A friend whose wife had just gone through the breast cancer experience told me when I learned about Lisa’s diagnosis “the thing about breast cancer (pardon another tortured sports metaphor) is that you never get to spike the ball in the end zone and say you are done. There is always something else.” I thought I understood what he was saying at the time, but I appreciate it much more now. Although chemo ended in the summer of 2007 and her breast reconstruction finished shortly thereafter, Lisa has been dealing with the often frustrating regimen of drugs and side effects that come along with being a cancer survivor. While things are certainly better than they were, it has been a constant challenge and adjustment for both of us.
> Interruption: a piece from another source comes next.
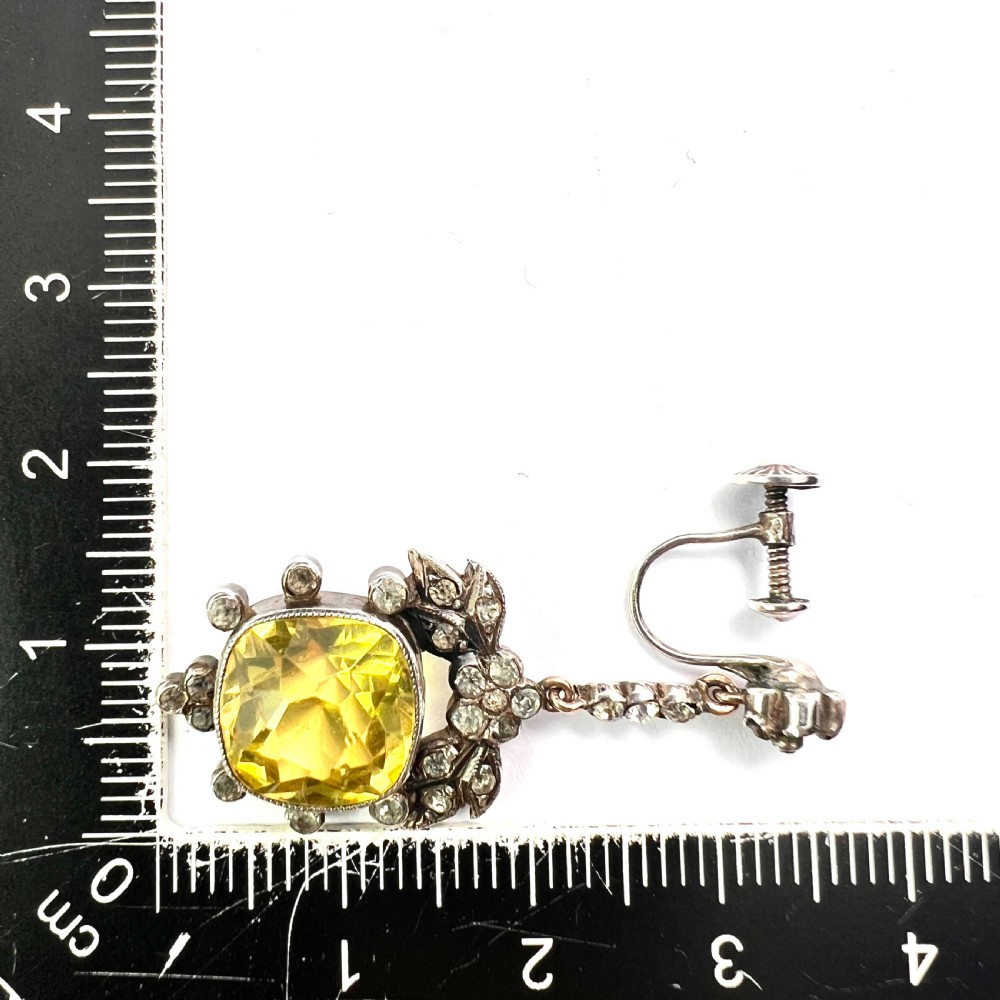 A pair of Victorian silver drop earrings featuring cushion-cut yellow citrine paste stones surrounded by foliate settings with clear glass accents. View IX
As I said earlier, one of the most difficult things about having cancer, even a cancer that is as common and well known as breast cancer, is that you really don’t have any idea what is ahead of you as either a patient or a spouse when you begin the process. There are reams of data and academic studies available but despite that fact, it is difficult to distill and digest all of that into a coherent picture as to what you as an individual (or the spouse of one) will experience.
As part of her life as a cancer survivor, Lisa has taken it upon herself to make understanding the long road of treatment, recovery, and being your own best advocate a little easier for women who will face the same challenges she did. She spends hours and hours speaking to women in our community who are just beginning the process about what she has been through in the hopes it will help them be prepared. As an extension of those conversations she began writing (and later blogging) about her experiences and feelings about cancer and posting them on the web. She sometimes writes clinically about the nitty-gritty medical realities of treatment and recovery which are based on her personal experiences, extensive research of the available medical literature, and her own conversations with her doctors.
Other times she examines the darker, emotional, frustrating, and deeply personal places that being a cancer survivor can sometimes bring you as young woman and a young mom. Her writing is often beautiful and poetic and is always thoughtful and enlightening. She puts it all “out there” for public scrutiny. She posts regularly under her own name to help her fellow women (our moms and sisters and daughters) understand and deal with a path that all too many of them will walk down at some point in their lives. I believe this is noble and selfless and courageous.
So as a very small and modest way of acknowledging her daily efforts and recognizing her achievements, I would like to nominate Lisa Adams (age 39), loving wife, wonderful mother, caring friend, talented writer, and strong cancer survivor to be a featured brave chick. I would invite those members of your community who are interested to check out her writing at lisabadams.com.
Thanks for your time and dedication to Brave Chicks everywhere.